Autonomous Driving AI

By Alberto Troia - 2018-11-07

Today, the automotive segment is experiencing a very high rate of innovation. The design of the traditional vehicle is changing dramatically, both during the development phase and in the use and adoption of emerging technologies.

A very visible example of this trend is the use of machine learning and artificial intelligence (AI) to support the autonomous vehicle. The use of these new, emerging technologies is introducing new challenges—both in terms of safety and security; the effect is that the design and the validation of a vehicle can’t leverage lessons learned in the past.

OEMs, tier-ones and chains of automotive suppliers are facing new issues related to the safety and the security of a vehicle.
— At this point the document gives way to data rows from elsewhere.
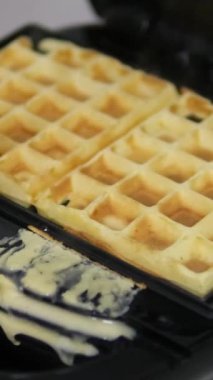 Waffle pişir. Waffle yapma süreci. Belçika waffle pişirme süreci. Waffle 'ların üzerine karamel serpiştir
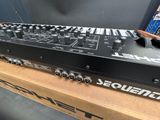 an image of a dj controller sitting on top of a box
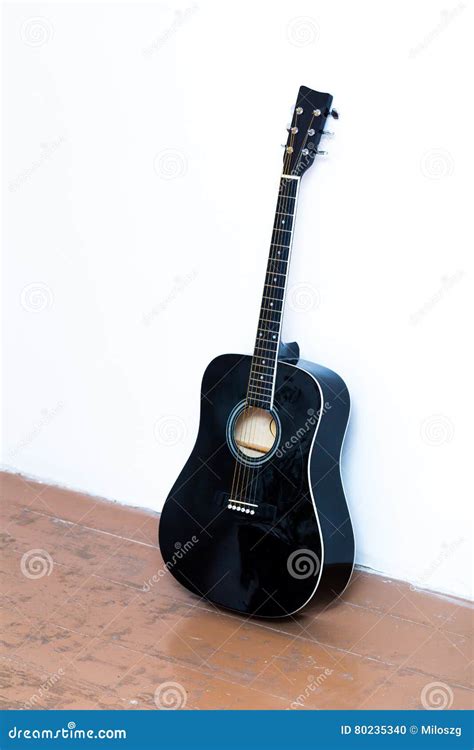 Acoustic Guitar Standing Next To White Wall Stock Photo Image Of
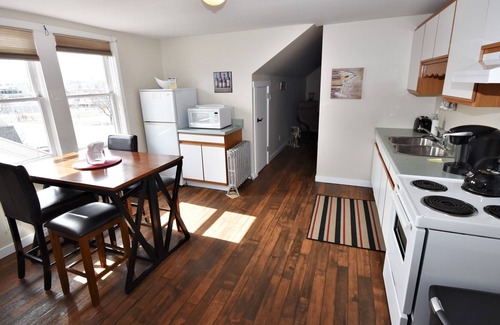 Vernon Apartment | Bright One Bedroom Suite Has Peaked Ceilings with Tons of Character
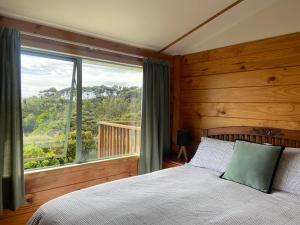 sypialnia z łóżkiem i dużym oknem w obiekcie Seaview, Sun and Surf - Piha Holiday Home w mieście Piha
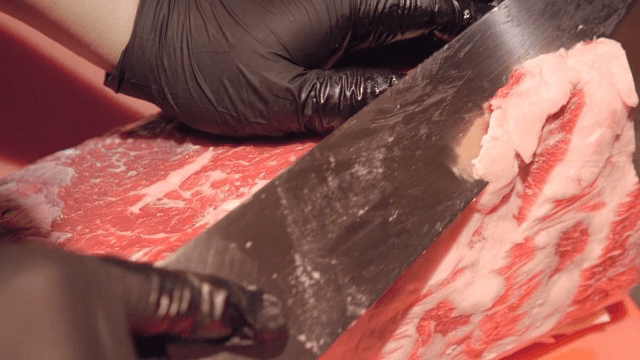 Slicing raw beef with a large knife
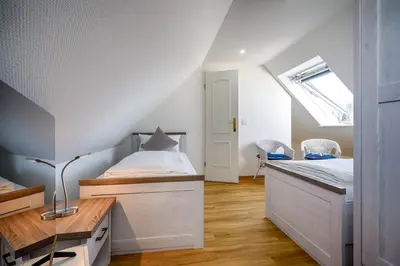 Ein Bett oder Betten in einem Zimmer der Unterkunft Mühlenpark 1 Mühlenpark Haus 5 Wo 19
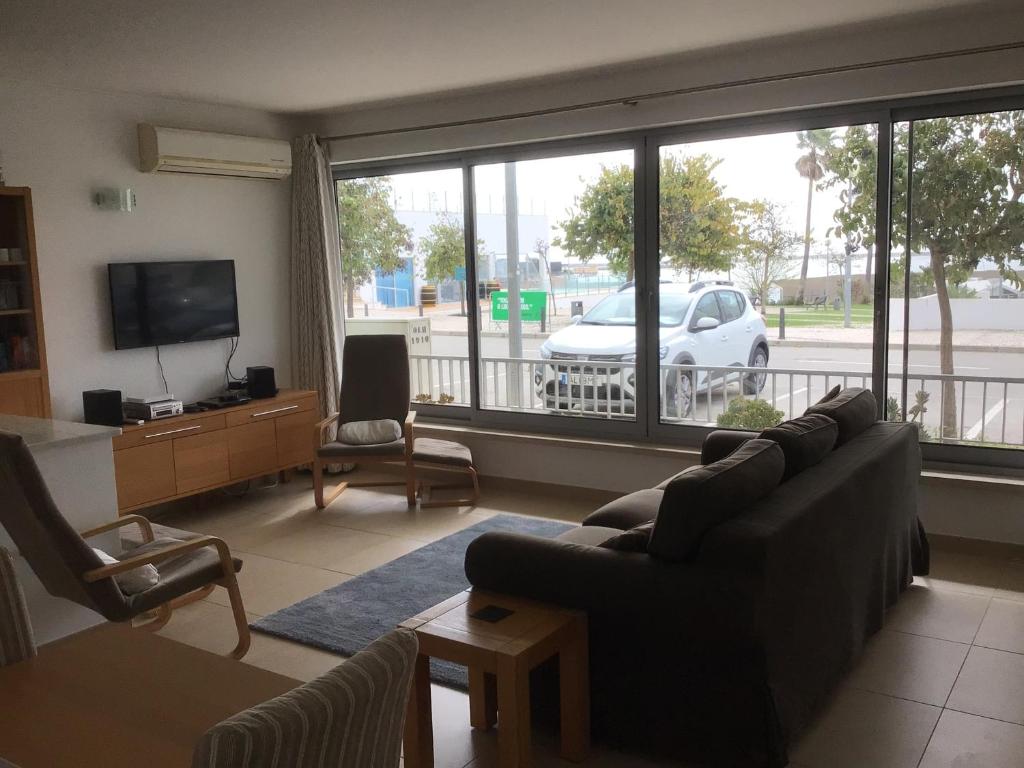 a living room with a couch and a large window at Rainha Juliana in Fuzeta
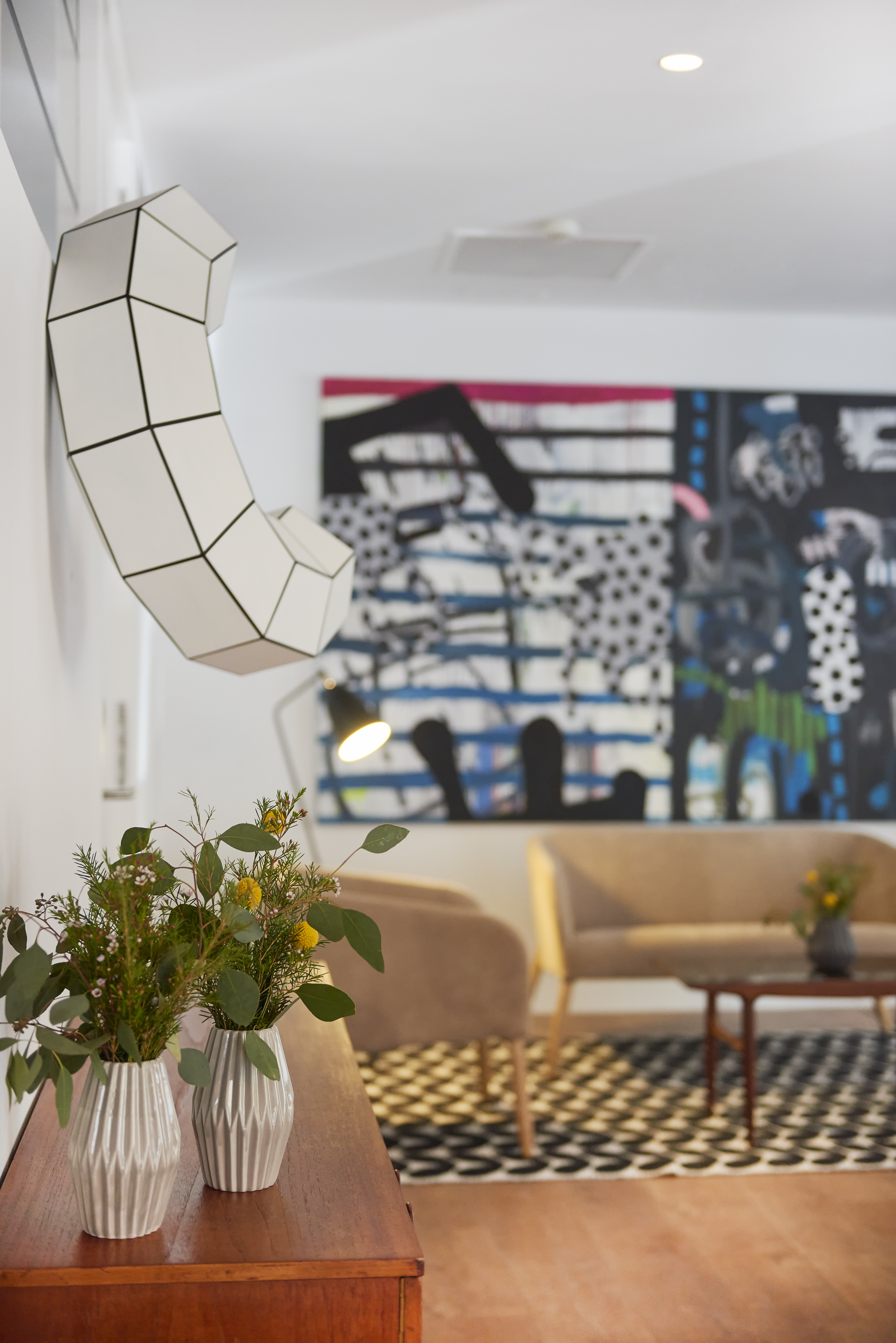 Modern living room with abstract art, geometric wall sculpture, and floral decor.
These issues are exacerbated due to a vehicle’s connectivity to the external world as required to realize autonomous driving.
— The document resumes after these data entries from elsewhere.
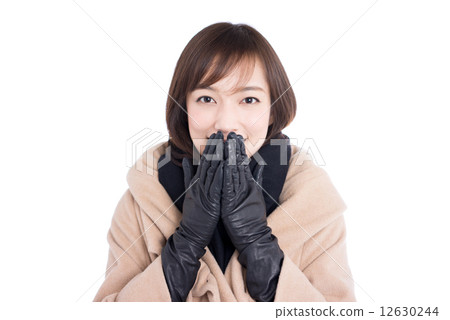 A woman in a coat 12630244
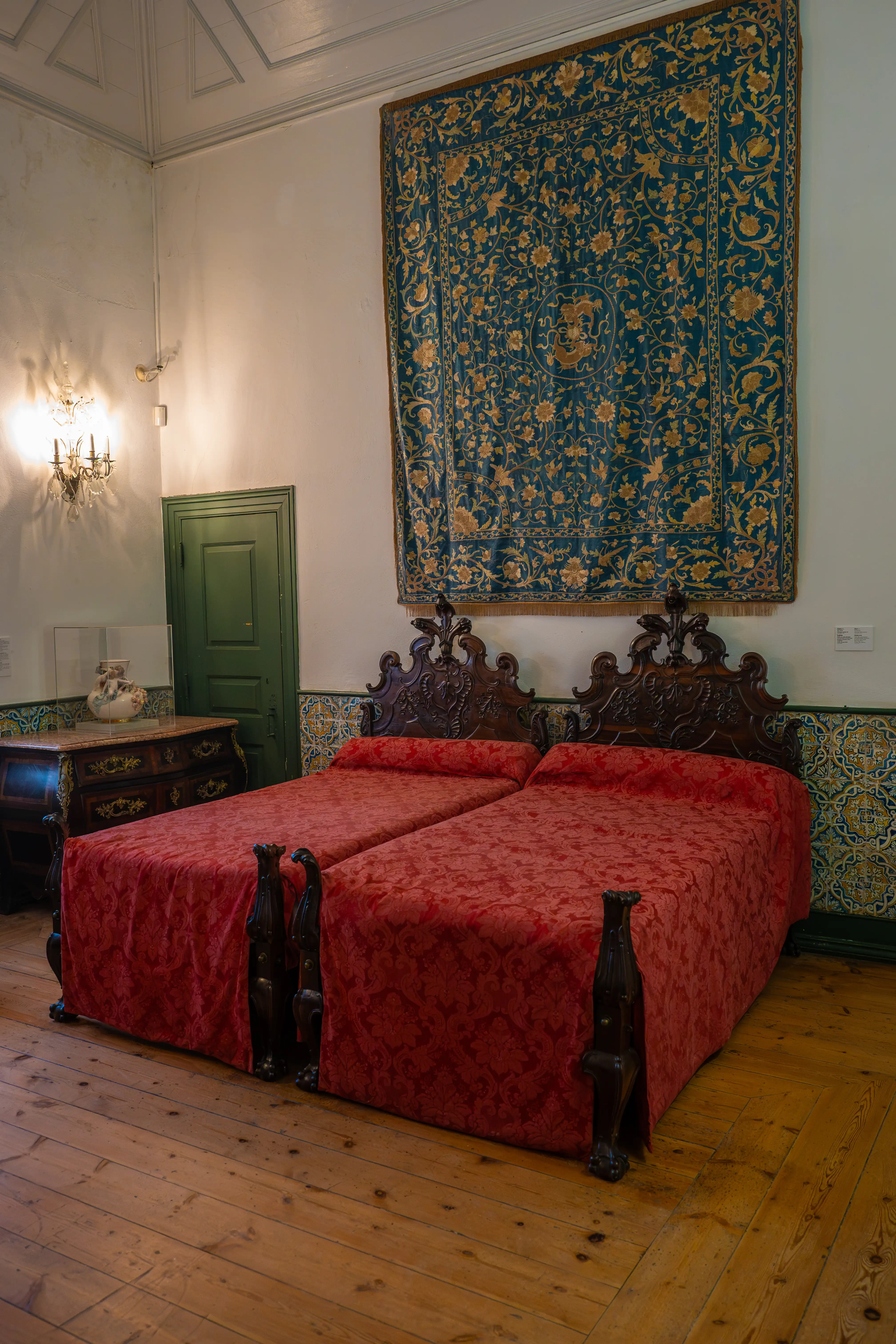 A bedroom with two twin beds covered in red fabric, dark wooden headboards, and a large tapestry on the wall.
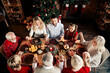 © deagreez - Family Christmas dinner around a cozy festive table with a decorated tree and warm lights indoors
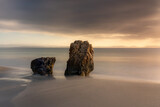 Fototapeta  - sunset on the beach with two rocks and long exposure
So what is the status of security and safety in autonomous vehicles?

Some standards have been created. The Road Vehicle – Functional Safety standard, ISO 26262, provides guidelines on how safety must be treated for any component used inside a vehicle. This standard represents the status of a vehicle’s safety and it is commonly used by component and application vendors.

The Society of Automotive Engineers (SAE International) provides guidelines on security with SAE J2601A, which provides indications and guidelines not in terms of components, but more on the system side.

Safety Implementations Using Cryptography in AI

Autonomous driving leverages the use of AI to solve problems that conventional software can’t address in a fast and easy manner. AI can be considered a totally new field for automotive developers because most previous experiences (lessons learned and continuous improvement) can’t be applied due to fundamental differences. Any AI system can be affected by issues coming from different sources:

  • Design: the training of the system can be accurate or not, and it can be affected by errors
  • Hardware: the memory (volatile and/or nonvolatile) can introduce errors due to physical defects and/or random errors

Earlier this month, the International Conference on Optimization and Decision Science (ODS) was held in Taormina, Italy. At this event, Micron delivered a presentation that focused on a new safety implementation that employs embedded attestation capability: Micron AuthentaTM technology.

AI in Automobiles

AuthentaTM technology uses a cryptographic algorithm to check the contents of the memory array while calculating a fingerprint of the data sent to it.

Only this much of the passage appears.